Really Existing Nationalisms by Erica Benner

Really Existing Nationalisms by Erica Benner

Author:Erica Benner
Language: eng
Format: epub
Publisher: Penguin Random House LLC (Publisher Services)


4.2. CRITERION 1: INTERNATIONAL RECIPROCITY

Formulating a first criterion in 1848, Engels came close to endorsing a general principle of international reciprocity as the sine qua non of any successful revolutionary effort. In a speech on Poland delivered on the same occasion as Marx’s, Engels began to develop the implications of his colleague’s assertion that ‘existing property relations’ encourage the exploitation of one nation by another. The crucial sentence in Engels’ speech was simply: ‘A nation cannot be free and at the same time continue to oppress other nations.’15 This was not a cynical attempt to win popular support by using the language of conventional morality. It was a prudential argument, appealing to the self-interest of liberal and democratic reformers in the oppressing states, for renouncing policies that thwarted the desire of other nations for freedom.

Engels’ precept echoes Marx’s early argument that there may be more than a conceptual affinity between two distinct forms of ‘national’ freedom: the formal ‘sovereignty’ conferred by independence from unwanted foreign rule, and the freedom demanded by popular conceptions of the nation from coercive or unresponsive government. In 1848–9 Marx and Engels repeatedly argued that national oppression provides a powerful prop to reactionary and exploitative regimes, chiefly by mooring them in an international network of supportive alliances. Since the extensive reach of that network thwarts local efforts to combat oppression in both its national and domestic forms, the success of such efforts depends on the formation of counter-alliances across national boundaries. And since opposition movements in the oppressed nations were understandably wary of cooperating with their counterparts in oppressing countries, it was a matter of utmost urgency that the latter commit themselves to a policy aimed at ending past oppression.

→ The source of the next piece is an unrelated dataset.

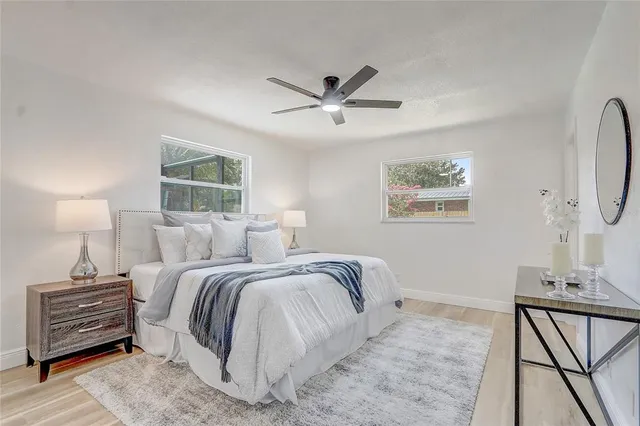 a house view with swimming pool in front of it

Marx and Engels elaborated this reciprocity criterion after the liberal revolutions of 1848 opened heated parliamentary debates about Germany’s traditional, hegemonic relations with neighbouring countries. The Prussian government continued to participate in expansionary wars against national movements in Poland, Bohemia, and Italy, often with the approval of the Frankfurt parliament. Marx railed against the hypocrisy of German liberals and democrats who acquiesced in their governments’ renewed acts of national oppression ‘at the same moment that they are struggling with these same governments to obtain freedom at home!’16 As chief foreign policy analyst for the NRZ, Engels developed a more carefully reasoned case for treating the freedom of other nations as a condition for freedom within one’s own. He began by trying to persuade his compatriots that their failure to support the aspirations of oppressed nations would damage prospects of reform in Germany itself. Opposing the arguments of Frankfurt delegates who wanted to incorporate the insurgent Polish province of Posen (now Poznań) in a united Germany, Engels pointed out three likely consequences of such a measure that would undermine attempts to create a strong, unified, and liberal German state. In the first place, it would inflame national hostilities in Poland to a point of no return, creating a persistent source of conflict that would impede efforts to stabilize a central German government.